Walter Robinson’s Recovery, 2007, and Pink Ganesha, 2006 (foreground)

Like Chagoya, Walter Robinson is, unafraid to take on Walt Disney. He sculpts his glass-like surfaces out of Styrofoam, metal, epoxy and plaster.  His trio of slick small bright pink sculptures includes Recovery, with Minnie and Mickey Mouse wearing only shoes and gloves in pinks from flesh to bubble gum colors, floating on a scalloped bright pink cloud.  Minnie bends over to hoist up a collapsed Mickey revealing her pendulous mammaries and a full view of her well-detailed bottom.  Slag (Pink Ganesha) is a clumsy, well-worn, seated pink “stuffed” elephant with six legs and one clouded white eye in the center of his forehead.  In Buddhism, Ganesh is the intellect that exercises restraint over his companion, the ego-centered mouse called the Mooshak.  He is also the Lord of new Beginnings and associated with the first chakra.

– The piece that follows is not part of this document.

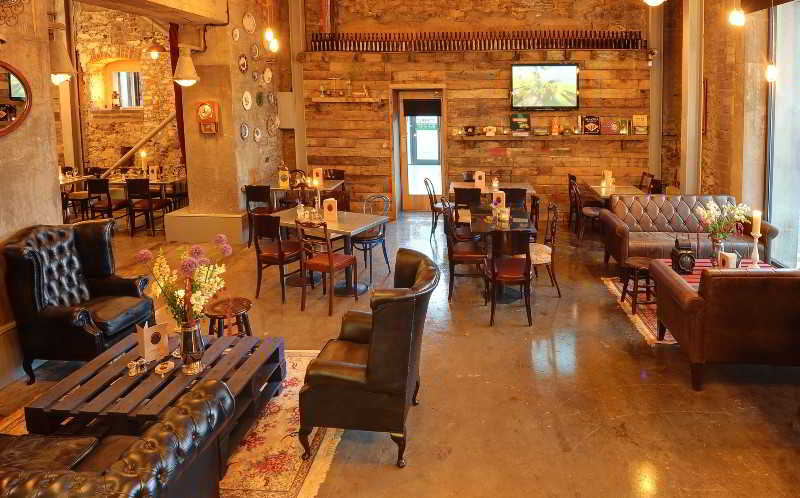 Restaurant
 di D Hotel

Kathryn Spence continues to develop her semi-tragic series of figures that evoke the stuffed animals of childhood.  Sculpted outwards with layer upon layer of pieces of cloth and discarded items of clothing, they begin to assume aspects of a bag lady, sagging, wearing all her clothes at once. At the same time they remind us of a toy that has been tossed and torn, repaired ineptly, worn out and ruptured again with the stuffing coming out.  They are sad and there is something about the oversized or diminutive scale of her works that makes them out of place. The small rabbit figures in this show also carry the suggestion of having been loved and perhaps dressed by an idiosyncratic child that layered up all their textures and patterns with care but no concern for fashion. Their postures are anthropomorphic and we cannot escape pitying them.  Of the works in this show, her small Mud Bears, tattered and covered in mud with muddy threads trailing around them seem the most enigmatic.  On a gut level they feel a bit like the chocolate Easter Bunny we want to bite into, but on the intellectual level, it is a beat up toy that has suffered the final indignity — to be drowned in mud.

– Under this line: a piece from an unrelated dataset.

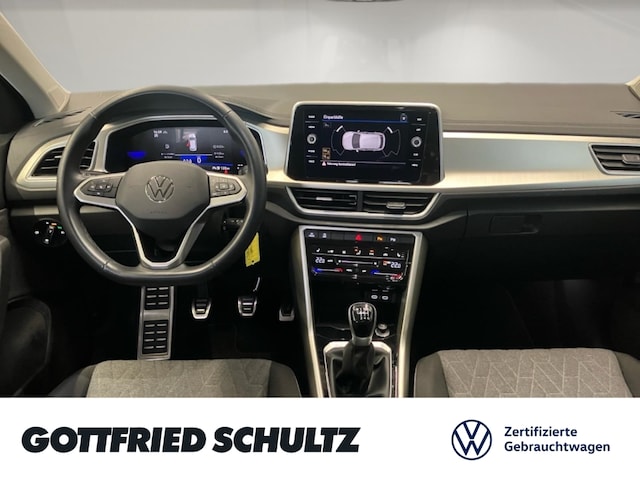 Volkswagen T-Roc 1.0 TSI Move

In quite a shift, Heidi Zumbrun photographs and enlarges the child’s ripped toy as a document with little commentary.  The scale of these figures floating, groundless, still creates a sort of tragic sensibility.  There is a lot to be said for the purely formal figure/ground relationship of her curious solitary toys.

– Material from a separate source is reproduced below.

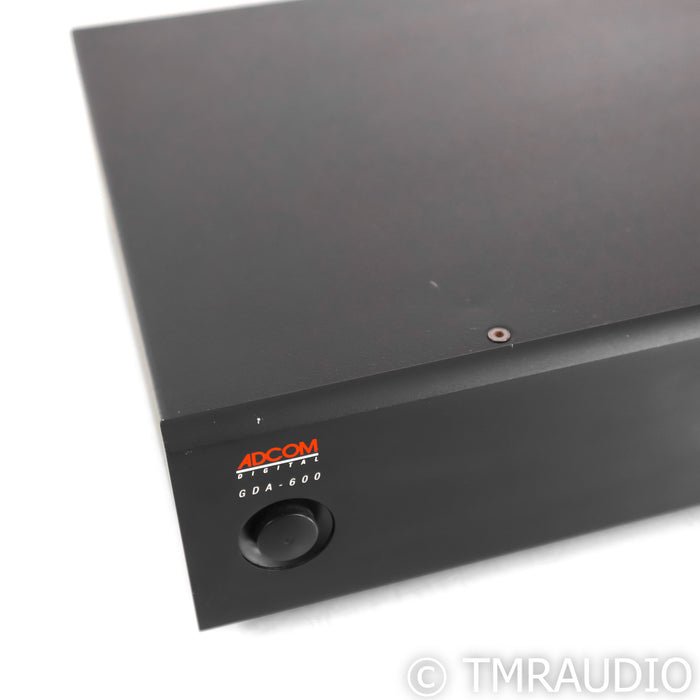 Adcom GDA-600 DAC; D/A Converter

Pueri Arma (Child’s Gun) by Lucy Puls

Lucy Puls, captures artifacts of childhood play in resin — towers of resin filled with plastic dinosaurs, soldiers, tiny action figures and other miniatures remind us of the way boys play “dolls”.  Likewise, her Pueri Arma (Childs Gun) — a toy rifle encased in a horizontal plastic tomb, presented over another horizontal  bar of resin containing decaying corrugated cardboard and other unidentified detritus — is another comment on the early age that boys mimic displays of dominance.  Puls notes the hair obsessions of little girls through Barbie wigs, perfectly coifed and mounted neatly on a wooden plaque.

Perhaps the iconic work of the exhibition is Don Fritz’ ceramic puzzle piece with Humpty Dumpty staring out at us.  Fritz’ ceramic works are less complicated than his works on paper in which one can engage many mysteries of childhood.  These works, also seen in the show, are deceptively benign and require a significant search for the anomalies and disturbing small details that contradict the oh-so-sweet life of the perfect child in the perfect fifties.  Humpty Dumpty, on the contrary, addresses directly the fragility of childhood and the inherent unsolved puzzle of how he shall be put together again after he is broken.

Don Fritz: A ceramic Humpty Dumpty

This large exhibition provides much food for thought and pure viewing pleasure with works by Squeak Carnwath, David Huffman, Isis Rodriguez, Laurie Reid and Kyle Reicher also contributing to the spectrum of interpretations. The curatorial approach of the Triton staff was collective on this project, part of a their new approach to involving all curators in the research and development of theme shows.  The show runs until September 19, 2010.